Hell he flop that he crys about is his creation because he made it so the defender just had to be to a spot before the offensive player when the rule had always been that the defender must have position and both feet set. Stern sucks and he prays daily that Betteman sticks around.
Um, no, to the first question. The first team I rooted for was the '79 Sonics, then those mid-80s Bucks teams that were great but always stuck behind the Sixers and Celtics.
Just because the mid-80s to the late 90s were a golden age doesn't mean we aren't on a verge of a new one. The NBA went into a ratings tailspin when Jordan retired. The play went downhill with all the high schoolers entering the league, who hadn't ever really been challenged by comparable competition and thus never really had to refine their games. Even LeBron took 8 years to figure out that he needed to learn a post game.
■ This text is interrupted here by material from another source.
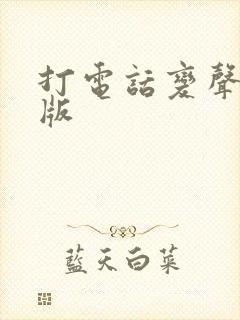 打电话变声软件版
Both the team play and the ratings have returned. The conference finals just did there best numbers in over a decade. The most successful teams are playing more team ball today than any teams since the Bad Boy Pistons. San Antonio was amazing to watch, and OKC has emerged as a potentially great team as they've moved away from the isolation that characterized their game last year. Add in defensive play by the final 4 teams this year has been sublime, without the grabbing and holding that used to characterize defense in the era of the Riley Knicks.
I find the rest of your complaints pretty empty. The complaints about carrying the ball go back to at least Isiah's enterance into the league. People have literally complained about traveling in the NBA as long as I can remember. The WWE complaints? The league was far more violent, and the defense less well played in the 80s than today (the refs have actually taken a lot of the passion out of the playoffs by T'ing up everything even beginning to approach a confrontation and any woofing at all). If your reference about the WWE is about fixing ... that of course goes back to the Even the criticism of flopping goes back to at least Laimbeer.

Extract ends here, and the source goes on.